No you paid in the 15 bucks already. So the bank gets it all. No need to forfit anything with simplistic thinking. But it s a bit more complicated than that.
When you take that loan out for the 85 the bank requires a down payment in good faith that you WONT walk out. As well as you sign a contract that requires you to pay on time. they are counting on making money off the interest of the loan. Now I have to go to real money here...

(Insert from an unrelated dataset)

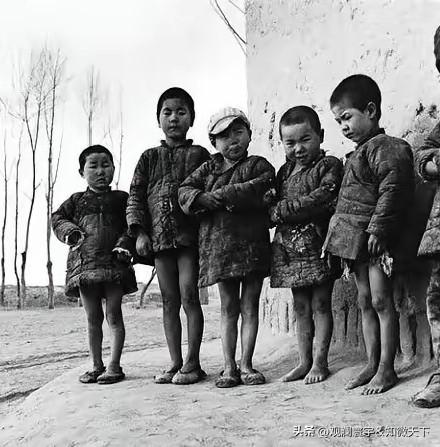 一张1958年冬天的珍贵老照片，新华社记者黎枫拍摄于甘肃武威的农场。
 
画面看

My last house was 96 thousand dollars because of the type of loan I took I had to pay 20 thousand dollars down. So my loan was 76 thousand dollars. Which put my payments at around 500 dollars a month (rounded figures for sure) but if you look at the details of the loan most of that was interest. figure it .... 500 a month for thirty years.... is 180,000 twice what I purchased the house for. and its in the contract. If you look at that 500 dollar payment at most 100 at the time was going to pay off principal. The smart way to get around that is to add on another 100 and designate it to go toward the principal of the loand. This pays your mortgage off in 15 years instead of 30.
If you turn in your keys and walk away its considered default of the loan and it goes on your record.... hosing your credit history.
of course things have changed since 2003 in the US. Different types of loans, Loan chriteria prices of homes and government bail outs. I am so glad i am out of that whole Rat race...
edited to add: I do not understand that upside down buisiness personally but If the industry tanks you can simply continue paying the mortgage till it comes back. I was in the mortgage loan business a Jumbo loan was 300 thousand which is the limit for a conventional loan. Jumbo loans have different chriteria.
for what it is worth I was in the business for exactly six months as a trainee. Stock market crashed and I lost my job.